The author of the "Song of Myself" proclaimed himself the poet of democracy and wrote many verses on his alleged subject; but those who read them will soon tire of one whose idea of democracy was that any man is as good, as wise, as godlike as any other. Perhaps his best work in this field is "Thou Mother with Thy Equal Brood," a patriotic poem read at "Commencement" time in Dartmouth College (1872).
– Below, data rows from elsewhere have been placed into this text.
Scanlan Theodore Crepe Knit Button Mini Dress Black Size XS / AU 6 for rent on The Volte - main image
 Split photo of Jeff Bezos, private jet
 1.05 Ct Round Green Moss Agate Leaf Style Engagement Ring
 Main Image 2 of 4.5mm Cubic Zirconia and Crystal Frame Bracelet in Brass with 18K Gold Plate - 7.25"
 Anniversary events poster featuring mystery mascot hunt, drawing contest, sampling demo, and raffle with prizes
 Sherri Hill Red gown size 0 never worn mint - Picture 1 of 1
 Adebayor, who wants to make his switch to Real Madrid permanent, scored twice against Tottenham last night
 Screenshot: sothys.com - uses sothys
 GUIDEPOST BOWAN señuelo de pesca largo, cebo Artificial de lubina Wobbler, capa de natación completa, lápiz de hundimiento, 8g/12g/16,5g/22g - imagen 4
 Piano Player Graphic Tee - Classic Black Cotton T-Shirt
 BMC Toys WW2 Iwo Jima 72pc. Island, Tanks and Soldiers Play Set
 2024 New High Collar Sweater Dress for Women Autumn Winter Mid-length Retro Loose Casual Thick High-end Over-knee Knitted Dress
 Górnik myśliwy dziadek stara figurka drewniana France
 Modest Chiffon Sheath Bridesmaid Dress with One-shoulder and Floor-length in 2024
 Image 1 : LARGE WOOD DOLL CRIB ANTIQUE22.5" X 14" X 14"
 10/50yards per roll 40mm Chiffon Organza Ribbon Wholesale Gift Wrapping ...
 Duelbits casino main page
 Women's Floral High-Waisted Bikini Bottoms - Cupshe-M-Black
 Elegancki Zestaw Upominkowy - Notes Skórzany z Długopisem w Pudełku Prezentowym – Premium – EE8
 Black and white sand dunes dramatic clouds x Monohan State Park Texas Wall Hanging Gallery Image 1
There is too much of vainglorious boasting in the poem (for America should be modest, and can afford to be modest), but it has enough of prophetic vision and exalted imagination to make us overlook its unworthy spread-eagleism.

[Sidenote: PRAYER OF COLUMBUS]

As a farewell to Whitman one should read what is perhaps his noblest single work, "The Prayer of Columbus." The poem is supposed to reflect the thought of Columbus when, as a worn-out voyager, an old man on his last expedition, he looked out over his wrecked ships to the lonely sea beyond; but the reader may see in it another picture, that of a broken old man in his solitary house at Camden, writing with a trembling hand the lines which reflect his unshaken confidence:

My terminus near,
The clouds already closing in upon me,
The voyage balk'd, the course disputed, lost,
I yield my ships to Thee
My hands, my limbs grow nerveless,
My brain feels rack'd, bewilder'd;
Let the old timbers part, I will not part,
I will cling fast to Thee, O God, though the waves buffet me,
Thee, Thee at least I know.

Is it the prophet's thought I speak, or am I raving?
What do I know of life? what of myself?
I know not even my own work past or present;
Dim ever-shifting guesses of it spread before me,
Of newer better worlds, their mighty parturition,
Mocking, perplexing me.

And these things I see suddenly, what mean they?
As if some miracle, some hand divine, unseal'd my eyes,
Shadowy vast shapes smile through the air and sky,
And on the distant waves sail countless ships,
And anthems in new tongues I hear saluting me.